The advantages of using the highest specification grinding media in milling operations are well documented and understood. Higher density provides the potential to increase productivity, often significantly over other traditional ceramic and glass materials. Improved toughness and durability result in extended bead lifetimes and machine maintenance periods.
Yttria-Stabilized ZirconiaGenerally accepted as the best option is yttria-stabilized zirconia. This material is an engineering-grade ceramic, with controlled stabilization of the zirconia phase and fine crystal grain size. The resulting beads have increased strength, fracture toughness and wear resistance.
The material tends to be favoured over other high-density forms; particularly due to its compatibility with all machine types, reduced abrasion of mill parts and above all, its consistency of performance. The material has found particular application in demanding and high-specification operations, where precision, control and contamination are of primary importance. It has not, however, been generally adopted as an industrial standard. The main reason for this has been the high purchase price and the subsequent prohibitive cost of filling production machines.
The cost of the media is a function of the complicated chemical and powder processing technology required to produce a high-quality product. To give an idea of the requirements, a simplified production flow sheet is detailed in Figure 1.
Various attempts have been made to limit the level of processing in order to restrict overall media cost. Reduction in the degree of micronization and lower sintering temperatures have been the main target. But these have generally resulted in the production of inferior materials. An alternative has been the substitution of the stabilizing ion (yttria) with other oxides, such as magnesia and ceria. Some of the produced materials have had merit and have resulted in beads, which have found niche applications. In general, however, these beads have never matched the high performance of a top-quality yttria zirconia media.
Zirmil.2The challenge to develop a cost-effective, high-performance, yttria-stabilized bead has been the focus of a two-year project at the central laboratories of Saint-Gobain ZirPro. The engineers at ZirPro had an ideal basis for the investigation. The company is one of the world’s largest suppliers of zirconium oxide and was a pioneer in introducing ceramic micro-grinding media into the market place some 30 years ago.
The result of the project is the newly launched product, Zirmil.2. With an advanced ceramic formulation, this engineered media maintains the highest standards for this type of material. The bead has superior density, sphericity and size specification, with excellent wear and lifetime characteristics. The media is detailed in Figure 2.

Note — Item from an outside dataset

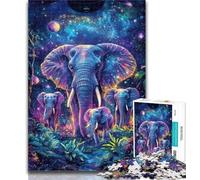 Teenager Puzzles Galaxy Elephant 1000 Pieces Jigsaw Puzzles for Adults And Teens,Educational Game for Birthday, Chrismas for Ages 14+ 50x75cm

Extensive testing has been carried out on the new material to ensure that the high-performance expectations are achieved. One series of tests, which particularly compares the performance of the media, is the ‘exaggerated wear test’. Here a small horizontal mill is operated at high speed with a standard 85% fill of media, using only water. This type of operation is very aggressive and results in accelerated media wear. Comparative data was collected for similar sized beads; some of the results are detailed in Figure 3.
It can be seen from Figure 3 that Zirmil.2 far outperforms ceria-based media and has comparable performance to the established premier grade of yttria zirconia beads. The laboratory results have been confirmed in industrial trials with the media providing excellent productivity and grind quality at very low levels of media consumption.
Operating Cost ReductionThe performance of Zirmil.2 is established and satisfactory. The significant development with the new material is that it is available at pricing levels, which should dramatically boost performance in terms of overall economics and allow the general use of the media in the majority of standard milling applications. Figure 4 details the typical media cost evolution for a standard 45-litre horizontal mill application.
It can be seen that initially the cost of charging the mill with Zirmil.2 is much higher than with traditional Zircon beads, but only marginally more expensive than ceria-based media. This is actually a dramatic step; previously the cost of yttria zirconia material would have been expected to be two or three times more than ceria products. From the graph it can be clearly seen that after a relatively short period of time, Zirmil.2 provides a continued operating cost advantage. The superior wear resistance of the material reduces the need for top-up and extends the periods between charge replacements. Actual savings will of course depend on individual applications and conditions; however Zirmil.2 certainly offers the potential for significant operating cost reductions. Importantly, the product provides a major development by reducing the cost barrier associated with introducing this type of media into larger mills.
ConclusionNow there is a real potential for high-performance milling to be generally used in industrial micro-milling applications, without the usual necessity for considerable capital investment in new equipment. Standard large-volume mills will accommodate the new media, with subsequent potential to improve productivity and grind quality from the existing mill park. The material is readily available at cost effective pricing levels, which are acceptable for initial fill and provide long-term solutions for efficient milling operations.